Extracted entries ▸
◆ ◆ ◆ ◆ ◆ ◆ ◆
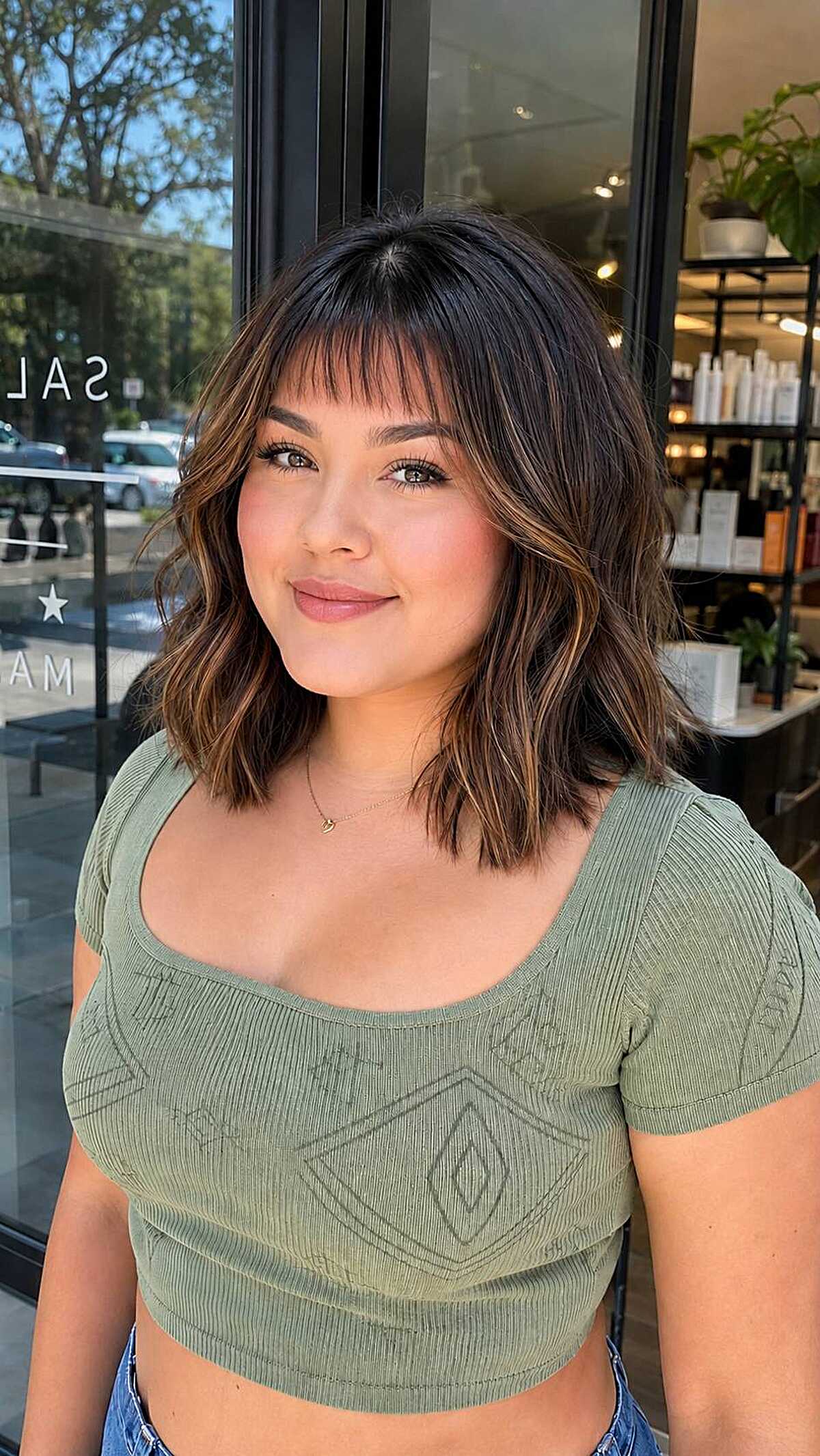 Brunette lob with caramel highlights and piecey bangs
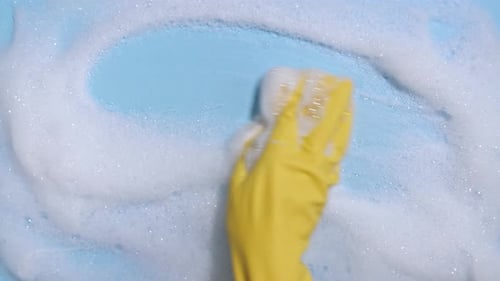 Hand in Yellow Glove Cleaning with Sponge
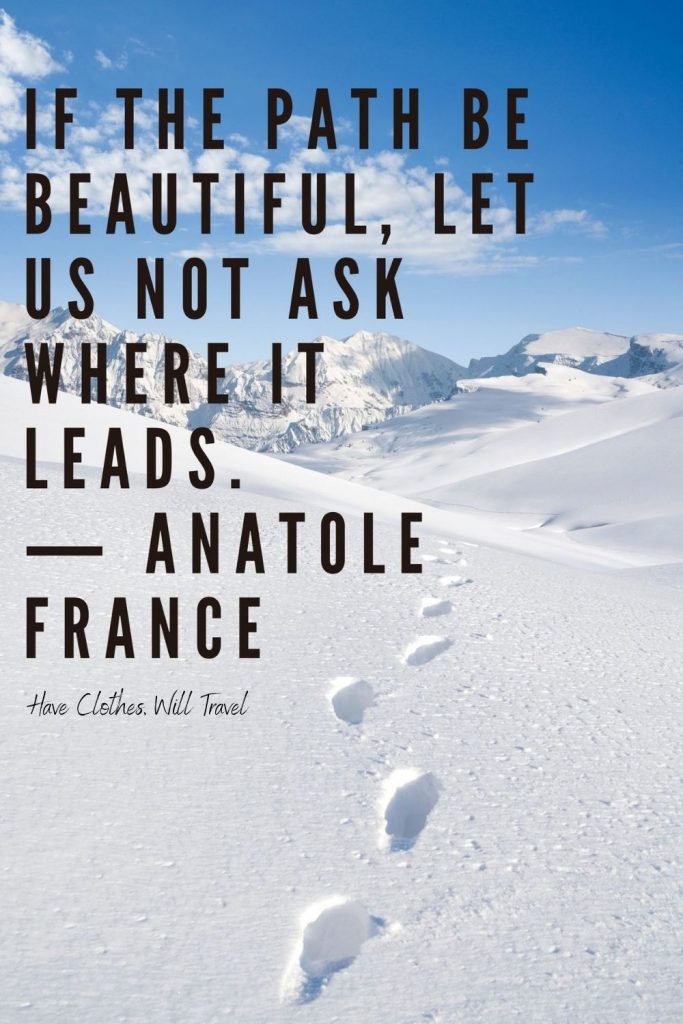 A landscape of snow-covered mountains, with footprints in the snow leading away from the viewpoint. Black text across the image says, "If the path be beautiful, let us not ask where it leads. - Anatole France"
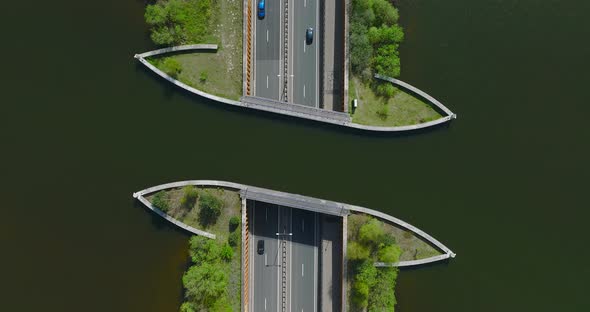 Highway traffic under Aquaduct Veluwemeer water bridge, Aerial view.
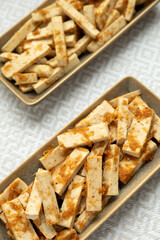 Marinated tofu strips with ginger, garlic, soy sauce and honey marinate on plates.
◆ ◆ ◆ ◆ ◆ ◆ ◆
Exercise directions ▸
Output every line above exactly as it stands, and drop any picture.

Task response ▸
 Brunette lob with caramel highlights and piecey bangs
 Hand in Yellow Glove Cleaning with Sponge
 A landscape of snow-covered mountains, with footprints in the snow leading away from the viewpoint. Black text across the image says, "If the path be beautiful, let us not ask where it leads. - Anatole France"
 Highway traffic under Aquaduct Veluwemeer water bridge, Aerial view.
 Marinated tofu strips with ginger, garlic, soy sauce and honey marinate on plates.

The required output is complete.